Exercise objective: In the entries below, find the line containing "M-SYSTEM M-UNIT ASW DC ALARM 100VAC" and the line containing "Strategie per Convertire". Copy those two lines and everything between them exactly, without the pictures.

Dataset:
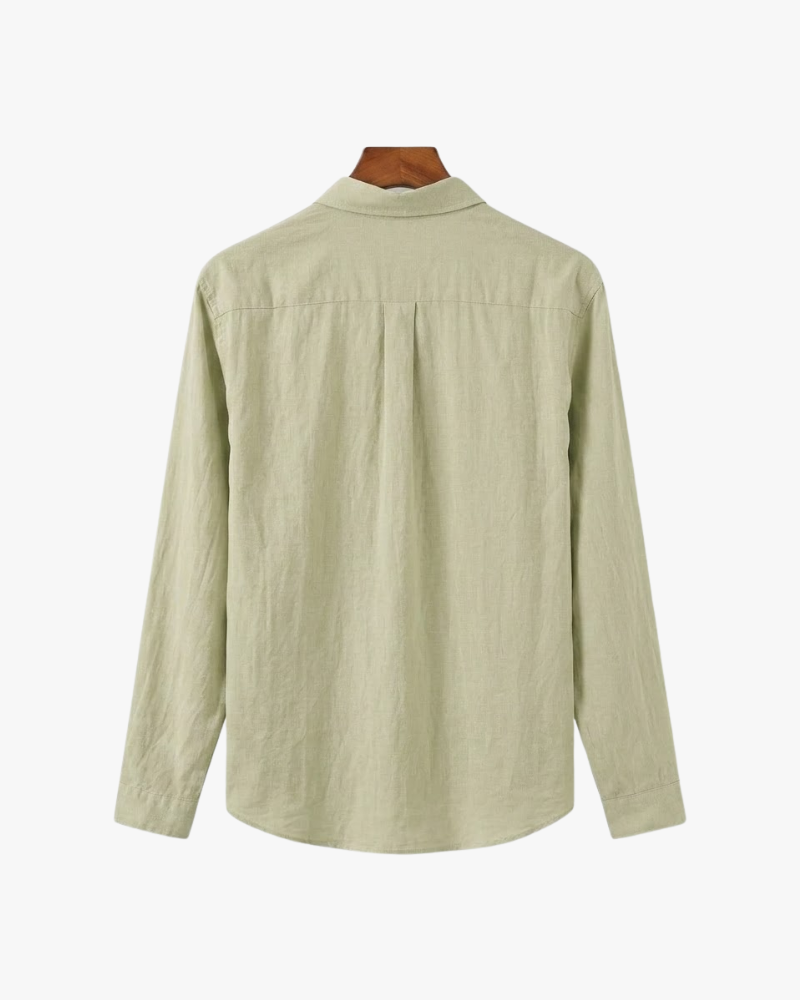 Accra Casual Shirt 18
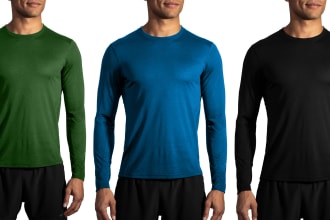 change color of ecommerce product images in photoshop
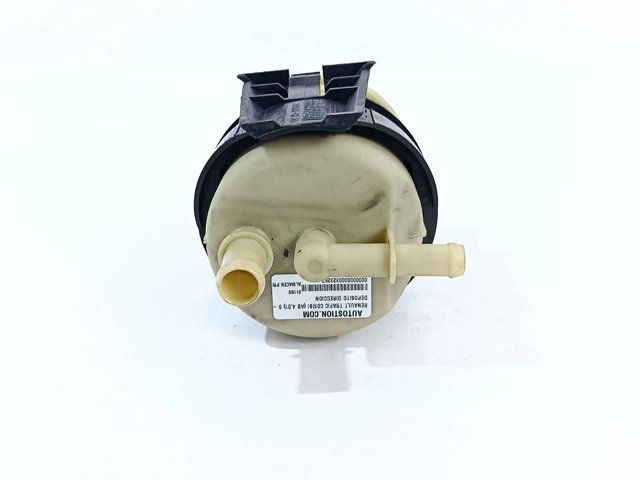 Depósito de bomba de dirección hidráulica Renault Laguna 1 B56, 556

...

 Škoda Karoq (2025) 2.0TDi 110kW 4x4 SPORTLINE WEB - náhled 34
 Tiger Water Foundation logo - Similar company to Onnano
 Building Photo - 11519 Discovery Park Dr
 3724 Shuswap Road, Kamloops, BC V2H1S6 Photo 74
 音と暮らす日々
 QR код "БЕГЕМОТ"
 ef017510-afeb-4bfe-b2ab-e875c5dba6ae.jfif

==

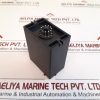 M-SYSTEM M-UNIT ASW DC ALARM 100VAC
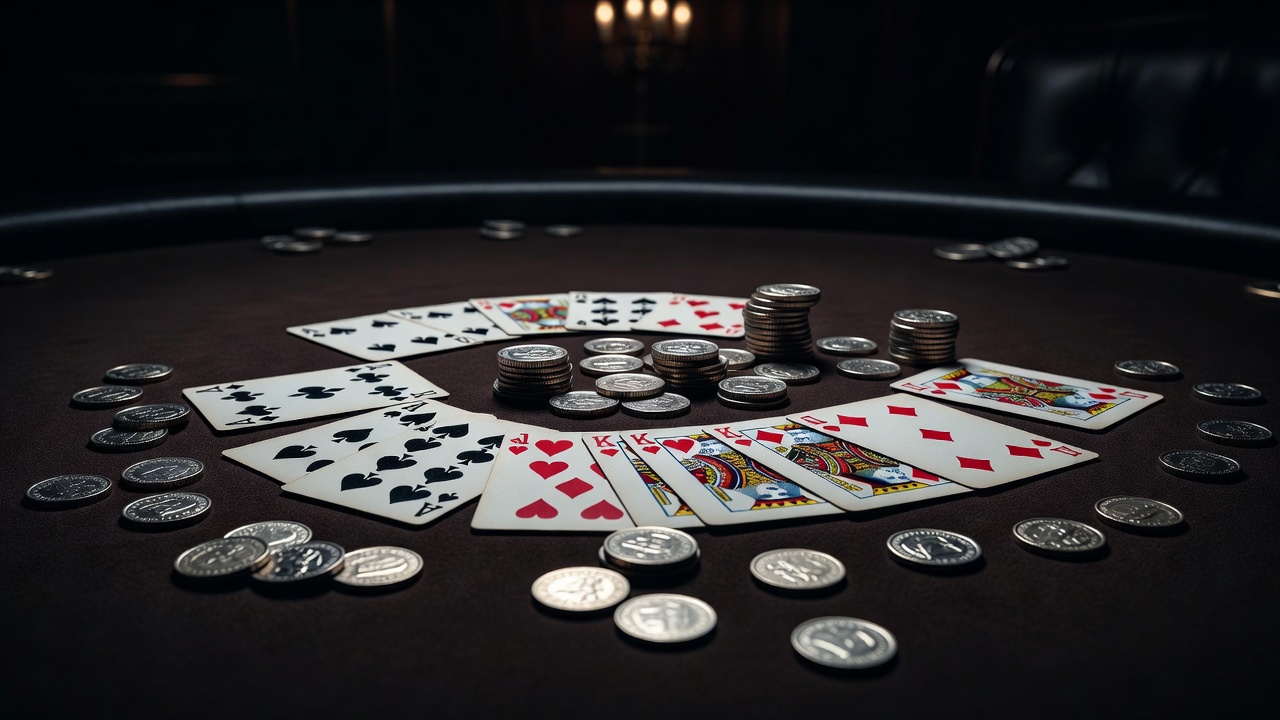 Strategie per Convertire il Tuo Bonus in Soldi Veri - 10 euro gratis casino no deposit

Output:
 M-SYSTEM M-UNIT ASW DC ALARM 100VAC
 Strategie per Convertire il Tuo Bonus in Soldi Veri - 10 euro gratis casino no deposit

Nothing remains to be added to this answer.